Fed-Funds Call at 8% Vaults One Strategist Past the 6% Pack

Traders wagering this week on the Federal Reserve lifting its benchmark interest rate to 6% are still aiming way too low, according to Dominique Dwor-Frecaut.

Dwor-Frecaut, a senior market strategist at the research firm Macro Hive, says the Fed will have to boost the federal funds rate to about 8% to win its battle to bring inflation fully under control. That’s based on her analysis using a Taylor Rule model with data stretching back to 1970.

She’s not fazed by the fact that her call is still very much an outlier. She first made this prediction not long after the Fed started its tightening cycle in March 2022. For traders, she warns that two-year Treasury yields are headed well above 6%, and the yield curve will become even more inverted than it is now.

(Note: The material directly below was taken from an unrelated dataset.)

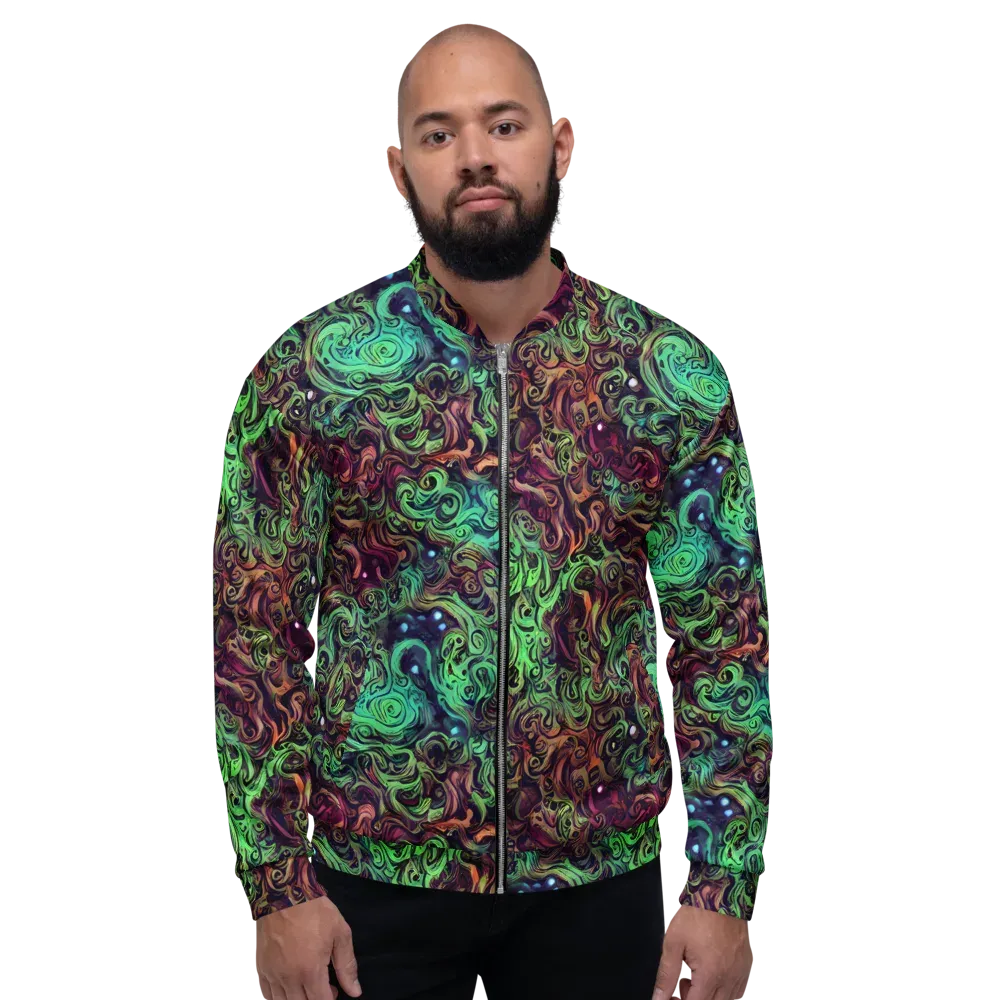 Emerald Maelstrom on Bomber Jacket — Front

“I’m even more confident about my 8% call after the nonfarm payrolls report,” Dwor-Frecaut, who previously worked in the New York Fed’s markets group, said in a telephone interview, referring to surprisingly-strong employment data published on Feb. 3. “The funds rate has to go much higher than is now predicted. Policy is still very easy.”

While Dwor-Frecaut may be in a minority on Wall Street, others have floated similar ideas. Former Fed Presidents Jeffrey Lacker and Charles Plosser wrote in a recent Wall Street Journal opinion piece that, if inflation stays where it is now, typical policy rules would recommend a rate between 6.5% and 8% by the end of the year.

For now, though, overnight index swaps are priced for a peak in the federal funds rate of about 5.1% in July, and then cuts to around 4.8% to close out 2023. The hot jobs report brought market pricing for the so-called terminal rate in line with Fed officials’ own estimates: In December, they published projections suggesting they expected to raise the federal funds rate to 5.1% this year, according to the median estimate, though they didn’t see any rate cuts until 2024.